# EXCERPTED DATA
* * * * * * *

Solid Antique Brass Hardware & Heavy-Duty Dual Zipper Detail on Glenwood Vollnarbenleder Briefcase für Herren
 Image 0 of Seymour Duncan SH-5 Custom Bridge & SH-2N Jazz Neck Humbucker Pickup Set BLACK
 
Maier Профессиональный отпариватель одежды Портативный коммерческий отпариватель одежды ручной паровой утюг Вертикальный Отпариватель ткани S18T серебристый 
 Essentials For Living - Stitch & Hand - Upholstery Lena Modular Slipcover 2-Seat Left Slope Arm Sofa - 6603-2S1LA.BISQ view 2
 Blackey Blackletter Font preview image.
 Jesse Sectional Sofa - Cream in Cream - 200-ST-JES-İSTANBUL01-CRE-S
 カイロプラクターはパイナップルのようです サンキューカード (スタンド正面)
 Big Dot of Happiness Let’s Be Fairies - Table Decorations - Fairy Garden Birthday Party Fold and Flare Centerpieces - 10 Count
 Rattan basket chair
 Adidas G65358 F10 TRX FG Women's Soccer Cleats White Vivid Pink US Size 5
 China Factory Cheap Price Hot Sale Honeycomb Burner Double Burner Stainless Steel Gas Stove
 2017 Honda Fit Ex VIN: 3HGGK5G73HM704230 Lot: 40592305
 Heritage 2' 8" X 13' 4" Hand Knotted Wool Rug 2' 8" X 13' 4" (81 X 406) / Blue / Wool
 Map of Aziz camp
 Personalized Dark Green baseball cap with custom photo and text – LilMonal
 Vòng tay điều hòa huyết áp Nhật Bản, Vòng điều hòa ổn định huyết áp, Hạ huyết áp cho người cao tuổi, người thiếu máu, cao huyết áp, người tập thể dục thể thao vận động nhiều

* * * * * * *

# WHAT YOU NEED TO DO
Nothing but the lines from the one with "Maier Профессиональный отпариватель" through the last line of the data should appear; print them exactly.

# RESULT OF THE TASK
Maier Профессиональный отпариватель одежды Портативный коммерческий отпариватель одежды ручной паровой утюг Вертикальный Отпариватель ткани S18T серебристый 
 Essentials For Living - Stitch & Hand - Upholstery Lena Modular Slipcover 2-Seat Left Slope Arm Sofa - 6603-2S1LA.BISQ view 2
 Blackey Blackletter Font preview image.
 Jesse Sectional Sofa - Cream in Cream - 200-ST-JES-İSTANBUL01-CRE-S
 カイロプラクターはパイナップルのようです サンキューカード (スタンド正面)
 Big Dot of Happiness Let’s Be Fairies - Table Decorations - Fairy Garden Birthday Party Fold and Flare Centerpieces - 10 Count
 Rattan basket chair
 Adidas G65358 F10 TRX FG Women's Soccer Cleats White Vivid Pink US Size 5
 China Factory Cheap Price Hot Sale Honeycomb Burner Double Burner Stainless Steel Gas Stove
 2017 Honda Fit Ex VIN: 3HGGK5G73HM704230 Lot: 40592305
 Heritage 2' 8" X 13' 4" Hand Knotted Wool Rug 2' 8" X 13' 4" (81 X 406) / Blue / Wool
 Map of Aziz camp
 Personalized Dark Green baseball cap with custom photo and text – LilMonal
 Vòng tay điều hòa huyết áp Nhật Bản, Vòng điều hòa ổn định huyết áp, Hạ huyết áp cho người cao tuổi, người thiếu máu, cao huyết áp, người tập thể dục thể thao vận động nhiều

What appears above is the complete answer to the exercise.